Katie Jumps in Swallows Cave

IMG_2355  IMG_2347

(Clockwise from upper left: Katie prepares to jump, Katie Jumps, Chad gets ready to jump, Saskia gets ready to jump)

After leaving Swallow’s Cave we sailed around before setting up camp at a place called Port Maurelle, which is pronounced MORE-el.   One of the Aussies had a guitar and as we were sitting around the campfire we tried to write a song.  We only got four lines done before we gave up.  

Here we are at Post Maurelle

Watching the Sea Swell

Sipping on our tasty drinks

Sharing our cross cultural links

It’s not exactly a great song, but it was great to get together with people from different cultures and realize how much you have in common. 

Cruise Ship Visitors

A large number of the tourists who come to Tonga each year arrive on cruise ships.   They generally arrive in the morning and depart in the late afternoon.   Both the main island of Tongatapu and the Vava’u islands were I live are regular cruise stops.  On Friday, a ship with 1900 passengers stopped in  Vava’u.   To say that the visitors change the town is an understatement.  Instead of Tongans, everywhere you looked you saw white people carrying cameras.  While I realize the ships help the local economy, I had to wonder how many of these people, if any, would leave here with even a small understanding that Tonga is such a wonderful place.

During the middle of the tourist invasion, II was walking down the street with my friends Chad and Katie when two of the tourists spotted the West Virginia  University shirt I was wearing and wanted to know if we were Americans.  They were surprised to learn that there were Peace Corps volunteers in Tonga and then mentioned that their daughter has served in the Peace Corps and now works for the Peace Corps in Atlanta.

They asked if they could take our picture and repeatedly thanked us for our service. 

Facts About Tonga

I found a web page with some updated information about Tonga.  If you are interested in learning some quick information about where I live, check out this web site.

Here are a few quick facts I picked from the site:

  • Location: 170 islands in the south-western Pacific Ocean
  • Population: 101,991 (189th)
  • Density: 352.9 people per square mile
  • Capital city: Nuku'alofa (population 23,438)
  • Foreign tourist visitors per year: 39,451
  • Adult literacy rate: 99.2% (m 99.1%/f 99.3%)
  • Average number of children per mother: 3.8
  • Average life expectancy (m/f): 73/69 *The number of foreign visitors shown above includes those that arrive on cruise ships.

The Missing Link

For those of you subscribe to this blog via e-mail, the link to the video of me skydiving in New Zealand was omitted from the post about my trip to New Zealand.   You can watch the video by clicking on this link:

A Final Note

I grew up in Lexington, Virginia where our local newspaper was The News Gazette.  Each week, the paper carried a column called “This and That”.  I have no idea if the column still exists, but the column would run stories like “The parents of Joe Smith of Lexington are visiting this week from North Carolina”. or “Mike Jones and his family just returned from a vacation in Virginia Beach.”
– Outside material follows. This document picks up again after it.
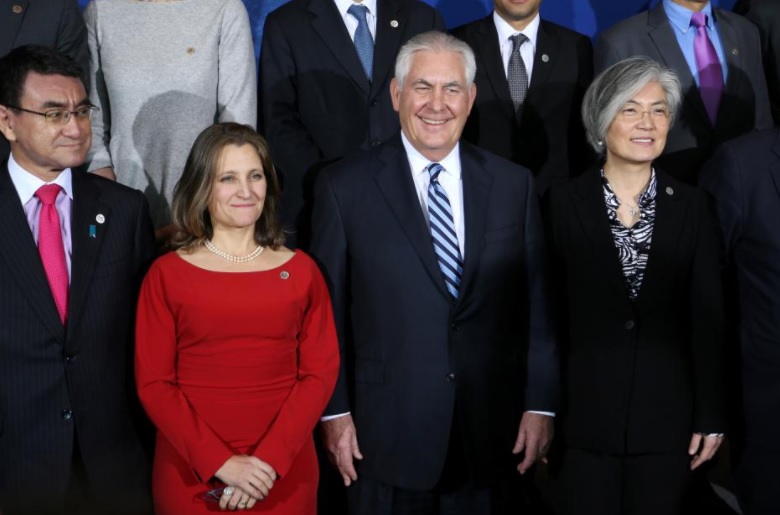 Ngoại trưởng ...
As I was writing this post, I somehow remembered that column and decided to do a “This and That” style post this week and hope it is at least a little more interesting that the column I used to read in the paper. 

One other note about the News Gazette, I used to sell that newspaper when I was around 13 or 14.  I would buy the papers for 10 cents and sell them for 15 cents.  My profit was the nickel I made on each paper.   Most people would give me a quarter for the paper, so I actually made 15 cents on most papers.   I sold about 50 papers a week. 

Wednesday, April 22, 2009

Steve and Stan’s New Zealand Adventure

One of the perks of being in Peace Corps is being able to travel to other places near your area of service.   For those of us in Tonga, it is often other South Pacific Islands or Australia and New Zealand.

I’ve just completed an almost three week stay in Kiwi Country with my friend and fellow volunteer Stan.  Early in the trip I remarked to Stan that I never figured I would go on vacation with someone half my age.  He answered by saying he never thought he would go on vacation with someone twice his age.  Touché’ Stan!  He turned out to be a great travel companion.

The trip was a first for both of us.  While I had spent a few hours at the Auckland Airport on my way back from Australia last year, this was the first time I got to see this remarkable country.

North Island New Zealand

Downtown AucklandWe had decided before we left that we would spend most of our time in New Zealand on the South Island.  We spent a night in Auckland, a night in Rotorua and two nights in Wellington before taking a three hour ferry ride to the South Island.

We both thoroughly enjoyed Wellington which is a vibrant city reminiscent of a Greek Island with houses built into the hills along the coast.   The city is active and has a very positive energy.  Waiotapu Geothermal Site

Before arriving in Wellington, we visited Waiotapu, which is a geothermal site on the North Island.

It was fascinating to see boiling hot water bubble from the ground and to see the steam rising from mud pools as we hiked around the area.    There is also a small geyser that is “started” every morning when they dump soap into it.  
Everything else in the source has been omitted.